Tangani Kasus Tewasnya Brigadir J, Polisi Diduga Langgar Aturan-aturannya Sendiri
--
JAKARTA - Meski sudah dilakukan autopsi ulang terhadap jenazah Brigadir Nopryansah Yosua Hutabarat atau Brigadir J, publik masih ragu dengan kebenaran baku tembak antar polisi di rumah dinas mantan Kadiv Propam, Irjen Pol Ferdy Sambo.
Keraguan publik itu, lantaran beberapa aturan disebut-sebut telah dilanggar dalam mengungkap kasus yang menghebohkan itu. Dugaan pelanggaran-pelanggaran itu disampaikan pengamat kepolisian Institute for Security and Strategic Studies (ISESS), Bambang Rukminto.

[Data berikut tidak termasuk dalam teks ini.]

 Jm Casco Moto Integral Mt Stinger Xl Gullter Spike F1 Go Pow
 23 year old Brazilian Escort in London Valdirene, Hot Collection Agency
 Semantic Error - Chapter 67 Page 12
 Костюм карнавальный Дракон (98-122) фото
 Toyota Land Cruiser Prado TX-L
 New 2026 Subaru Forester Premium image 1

Menurut Bambang, aturan-aturan dasar kepolisian yang dilanggar di antaranya soal olah tempat kejadian perkara (TKP), pelaksanaan prarekonstruksi, dan penggunaan senjata api untuk personel Polri yang bertugas sebagai ajudan atau pengawal perwira tinggi.
"Itu beberapa Peraturan Kapolri (Perkap) yang dilanggar," kata Bambang, Kamis (28/7).

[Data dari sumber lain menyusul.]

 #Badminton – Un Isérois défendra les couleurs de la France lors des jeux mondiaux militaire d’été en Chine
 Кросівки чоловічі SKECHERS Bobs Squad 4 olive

Bambang menjelaskan kehebohan insiden Brigadir J berasal dari langkah-langkah, tindakan, serta pernyataan-pernyataan yang disampaikan Polri sendiri. Dimulai dari tindakan pengambilan CCTV, olah TKP yang melanggar Peraturan Kapolri Nomor 8 Tahun 2009.
Selain itu juga menunda pengumuman kepada publik, mengalihkan isu dari penembakan menjadi pelecehan seksual, tidak menghadirkan tersangka penembakan, dan kejanggalan-kejanggalan yang tidak diterima nalar publik.

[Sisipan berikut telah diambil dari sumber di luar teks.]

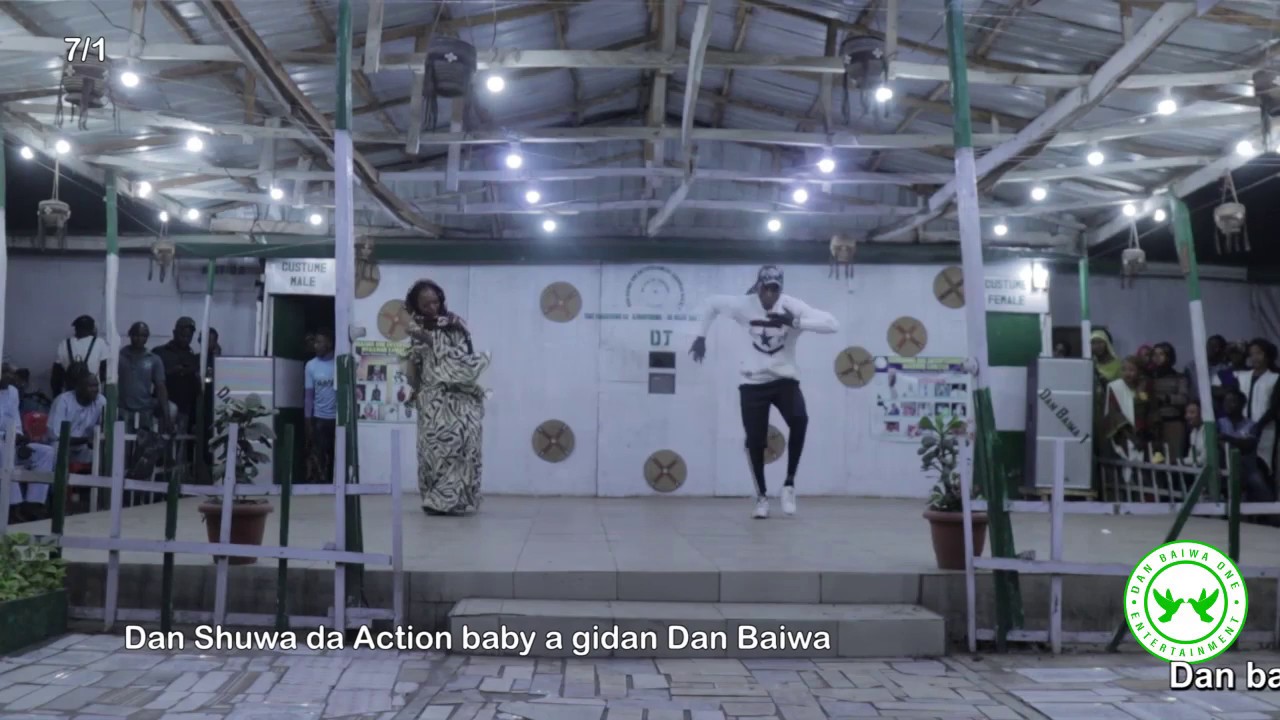 Dan shuwa 7th performance  (Ziyara) @Dan baiwa one entertainment kaduna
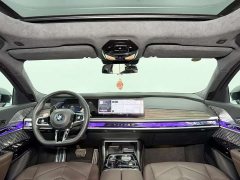 BMW 7 Series 2023 735Li M Sport Package - ფოტო 7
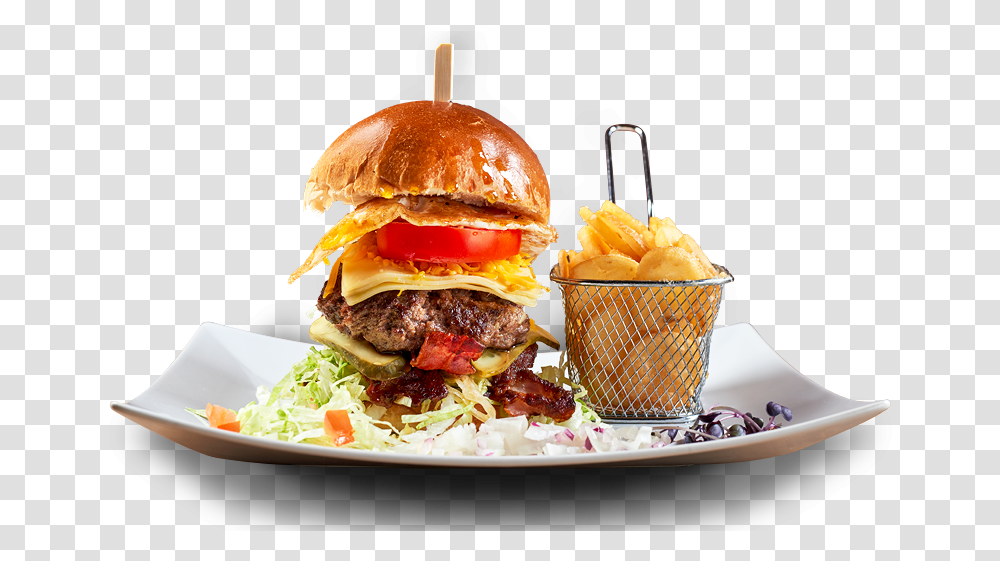 Burger Amp Fries, Food, Bread, Bun Transparent Png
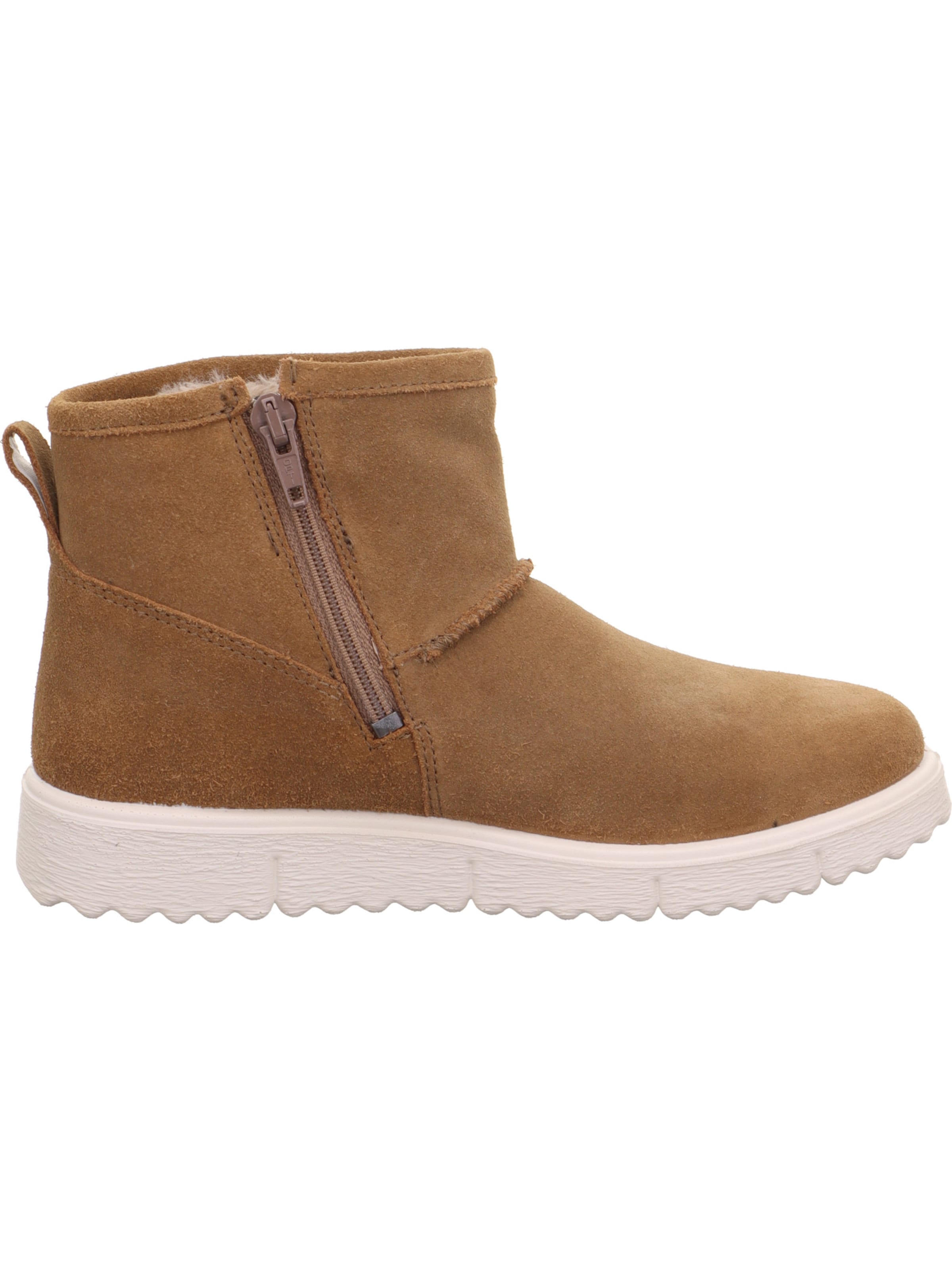 SUPERFIT Snow Boots 'Lora' in Brown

Bagi Bambang, semua kejanggalan itu bermuara pada ketidakpercayaan kepada institusi Polri. "Kita apresiasi langkah yang diambil Kapolri, meski agak terlambat dan seolah menunggu desakan publik."
"Ke depan harapannya bukan hanya penonaktifan Kadiv Propam, tetapi juga semua jajaran yang terlibat dalam upaya-upaya menutupi kasus ini hingga tiga hari baru diungkap ke publik," tambah Bambang seperti yang dikutip radartegal.com dari fin.co.id.
Pelanggaran kemudian terkait pelaksanaan prarekonstruksi yang dilakukan di Polda Metro Jaya dan di TKP rumah Irjen Ferdy Sambo, di Duren Tiga, Jakarta Selatan, Sabtu (23/7) lalu.
Ia mengatakan sesuai Surat Keputusan Kapolri Nomor 1205 Tahun 2000 dalam BAB III angka 8.3 SK Kapolri 1205/ 2000 diatur metode pemeriksaan dapat menggunakan teknik interview, interogasi, konfrontasi, dan rekonstruksi.
"Berdasarkan ketentuan di atas, rekonstruksi merupakan salah satu teknik dalam metode pemeriksaan yang dilaksanakan penyidik dalam proses penyidikan," katanya lagi.
Selain itu, ujar dia pula, rekonstruksi juga diatur dalam Pasal 24 ayat (3) Peraturan Kapolri Nomor 6 Tahun 2019 yang secara lengkap menyatakan: Dalam hal menguji penyesuaian keterangan para saksi atau tersangka, penyidik/penyidik pembantu dapat melakukan rekonstruksi.
Kegiatan prarekonstruksi yang dilakukan oleh Polda Metro Jaya pekan lalu menimbulkan pertanyaan, siapa saksi dan tersangkanya.
“Dalam Surat Keputusan Kapolri Nomor 1205/2000 itu tidak ada istilah prarekonstruksi,” kata Bambang.